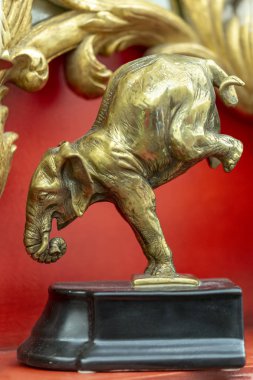 bronze statuette of an elephant in a interior red background clipart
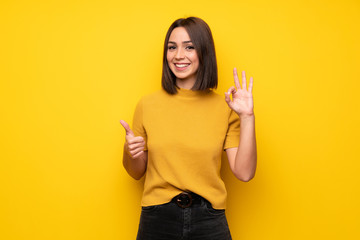 Young woman over yellow wall showing ok sign with and giving a thumb up gesture - obrazy, fototapety, plakaty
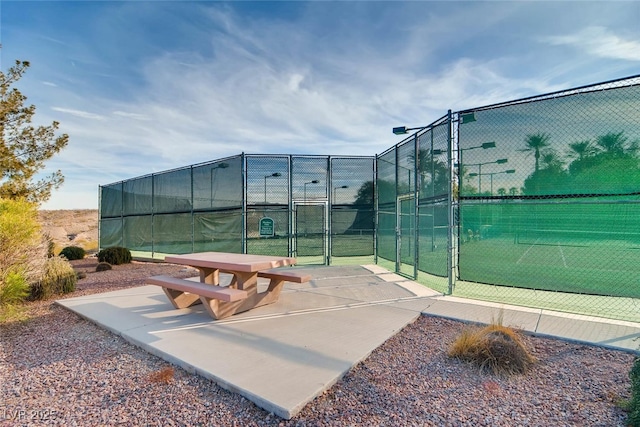 view of home's community featuring a tennis court, fence, and a gate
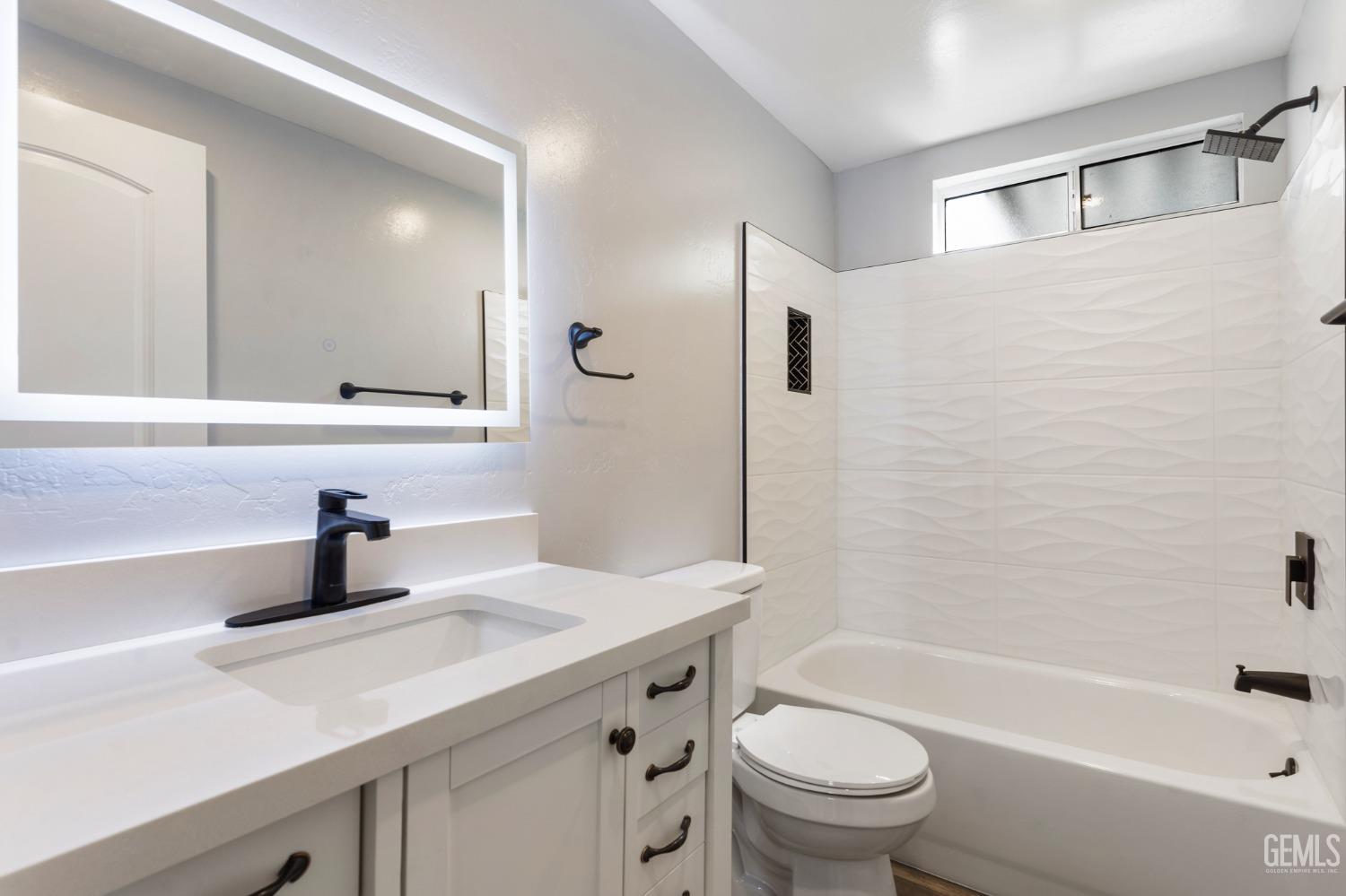 Undisclosed Address Bakersfield, CA 93306 - Photo 20 of 25 a bathroom with a sink a toilet and a bathtub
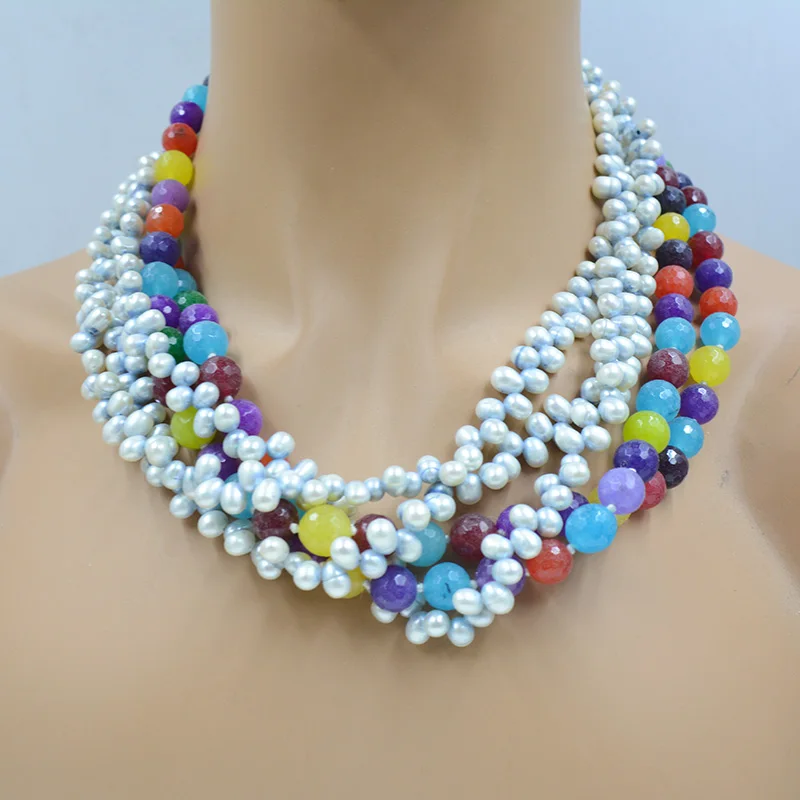 

3 strands 6MM AAA natural baroque pearls. 2 strands of 10MM semi-precious stone necklace 53CM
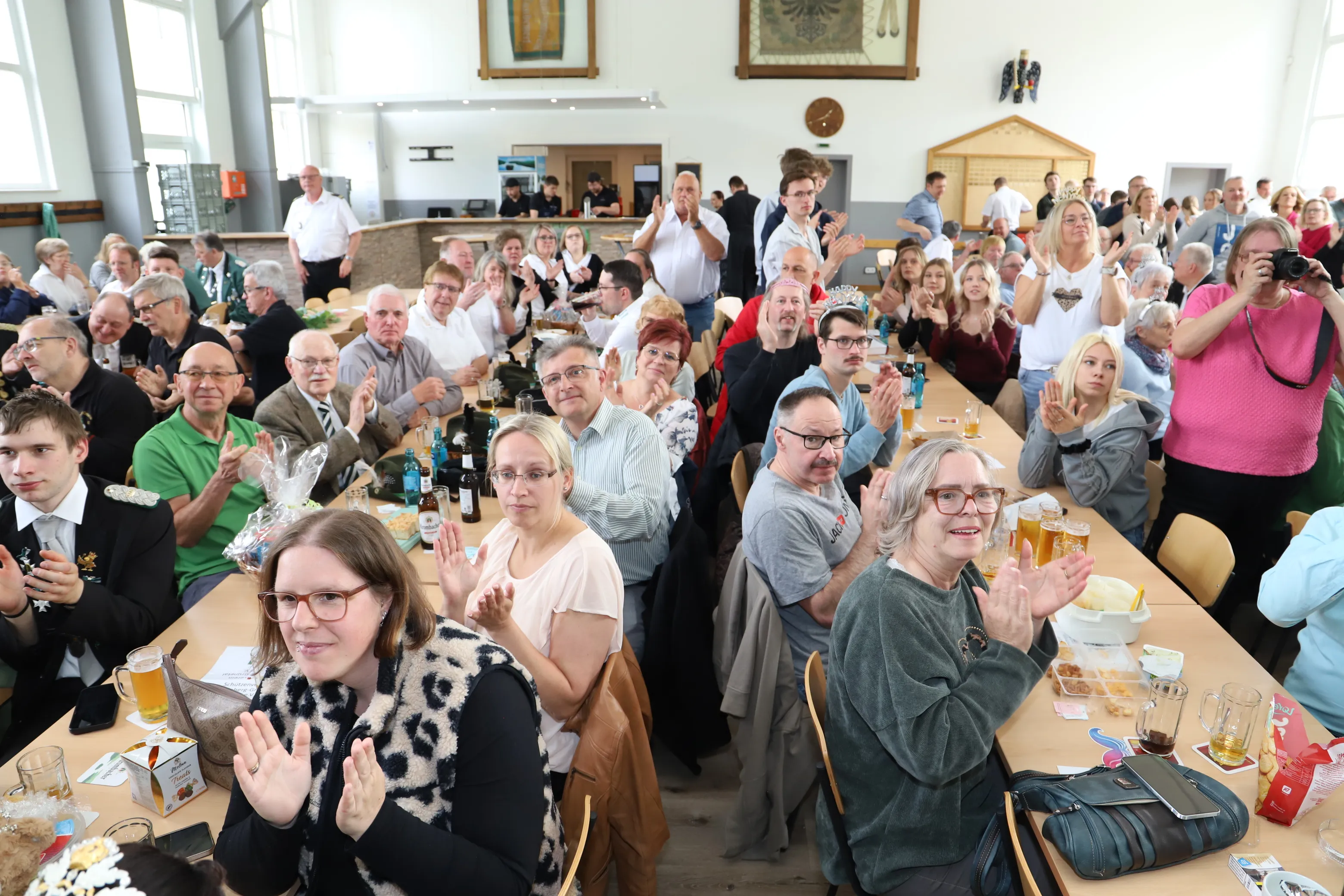 Große Menschenmenge in einem hellen Saal klatscht und lacht, während einige Personen auf einer kleinen Bühne stehen. Biere und Snacks stehen auf den Tischen im Vordergrund.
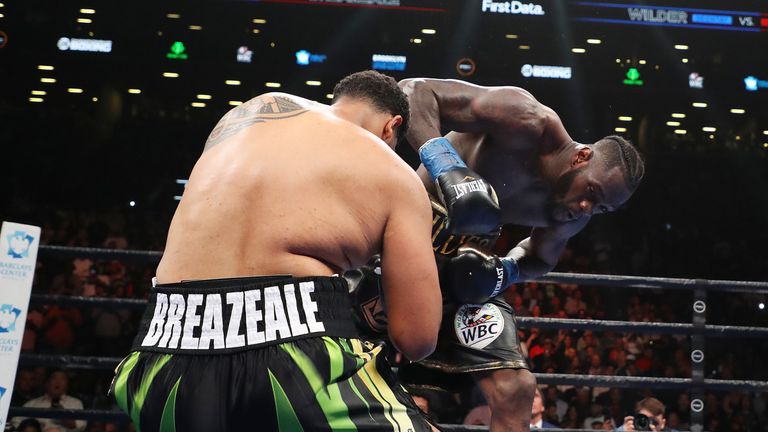 Deontay Wilder floors Dominic Breazeale with a huge right hand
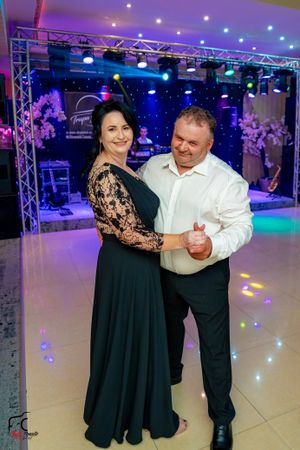 Couple dancing in formal attire under blue stage lighting at an event venue.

__________

**WORK TO COMPLETE**
From the first line to the last, restate the entries exactly, without pictures.

**REPLY TO THE EXERCISE**
 bronze statuette of an elephant in a interior red background clipart
 Young woman over yellow wall showing ok sign with and giving a thumb up gesture - obrazy, fototapety, plakaty
 view of home's community featuring a tennis court, fence, and a gate
 Undisclosed Address Bakersfield, CA 93306 - Photo 20 of 25 a bathroom with a sink a toilet and a bathtub

3 strands 6MM AAA natural baroque pearls. 2 strands of 10MM semi-precious stone necklace 53CM
 Große Menschenmenge in einem hellen Saal klatscht und lacht, während einige Personen auf einer kleinen Bühne stehen. Biere und Snacks stehen auf den Tischen im Vordergrund.
 Deontay Wilder floors Dominic Breazeale with a huge right hand
 Couple dancing in formal attire under blue stage lighting at an event venue.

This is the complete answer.